Training-Serving Skew One of the issues that frequently occurs in production pipelines is skew between training and serving data. Several factors contribute to this issue but the most common is different code paths used for generation of training and serving data. These different code paths are required due to widely different latency and throughput characteristics of offline training data generation versus online serving data generation.

Based on our experience, we can broadly categorize training-serving skew into three main categories.

Feature skew occurs when a particular feature for an example assumes different values in training versus at serving time. This can happen, for instance, when a developer adds or removes a feature from the training-data code path but inadvertently forgets to do the same to the serving path. A more interesting mechanism through which feature skew occurs is termed time travel. This happens when the feature value is determined by querying a non-static source of data. For instance, consider a scenario where each example in our data corresponds to an online ad impression. One of the features for the impression is the number of clicks, obtained by querying a database. Now, if the training data is generated by querying the same database then it is likely that the click count for each impression will appear higher compared to the serving data, since it includes all the clicks that happened between when the data was served and when the training data was generated. This skew would bias the resulting model against a different distribution of click rates compared to what is observed at serving time, which is likely to affect model quality.

Distribution skew occurs when the distribution of feature values over a batch of training data is different from that seen at serving time. To understand why this happens consider the following scenario. Let us assume that we have a setup where a sample of today’s serving data is used as the training data for next day’s model. The sampling is needed since the volume of data seen at serving time is prohibitively large to train over. Any flaw in the sampling scheme can result in training data distributions that look significantly different from serving data distributions.

Scoring/Serving Skew occurs when only a subset of the scored examples are actually served. To illustrate this scenario, consider a list of ten recommended videos shown to the user out of hundred that are scored by the model. Subsequently if the user clicks on one of the ten videos, then we can treat that as a positive example and the other nine as negative examples for next day’s training. However, the ninety videos that were never served may not have associated labels and therefore may never appear in the training data. This establishes an implicit feedback loop which further increases the chances of misprediction for lower ranked items, and consequently less frequent appearance in training data. Detecting such types of skew is harder than the other two types.

In addition to validating individual batches of training data, the Data Validator also monitors for skew between training and serving data, continuously. Specifically, our serving infrastructure is configured to log a sample of the serving data which is imported back into the training pipeline. The Data Validator component continuously compares batches of incoming training and serving data to detect different types of skew. To detect feature skew, the Data Validator component does a key-join between corresponding batches of training and serving data followed by a feature wise comparison. Any detected skew is summarized and presented to the user using the ML platform’s standard alerting infrastructure. To detect distribution skew, we rely on measures that quantify the distance between distributions, which we discuss below. In addition to skew detection, each serving data batch is validated against the schema to detect the anomalies listed in Section 3. We note that in all cases, the parameters for skew detection are encoded as additional constraints in the schema.

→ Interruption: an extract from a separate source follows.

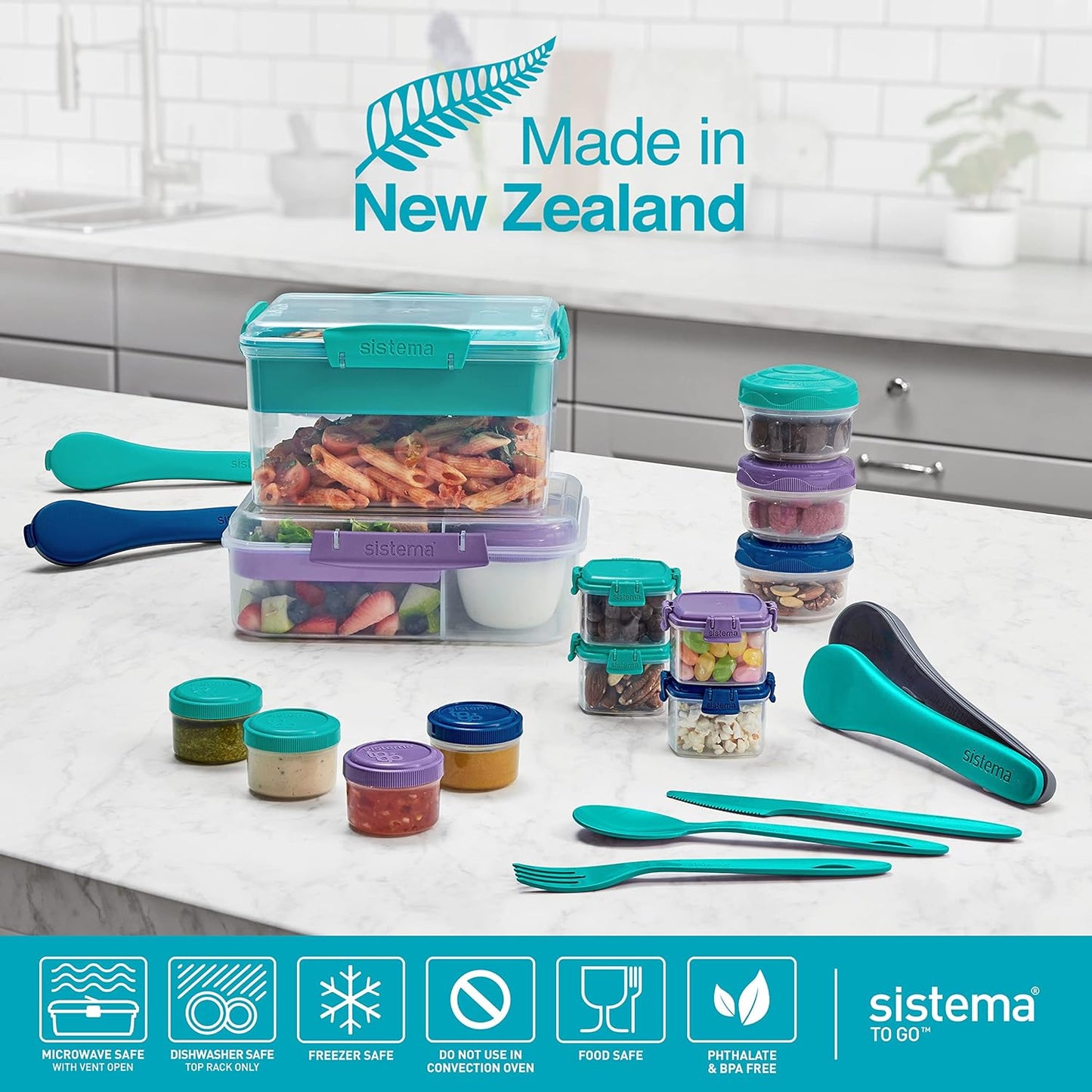 Sistema 4-Piece Salad Dressing and Condiment Containers with Lids for Lunch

Quantifying Distribution Distance As mentioned above, our distribution-skew detection relies on metrics that can quantify the distance between the training and serving distributions. It is important to note that, in practice, we expect these distributions to be different (and hence their distance to be positive), since the distribution of examples on each day is in fact different than the last. So the key question is whether the distance is high enough to warrant an alert.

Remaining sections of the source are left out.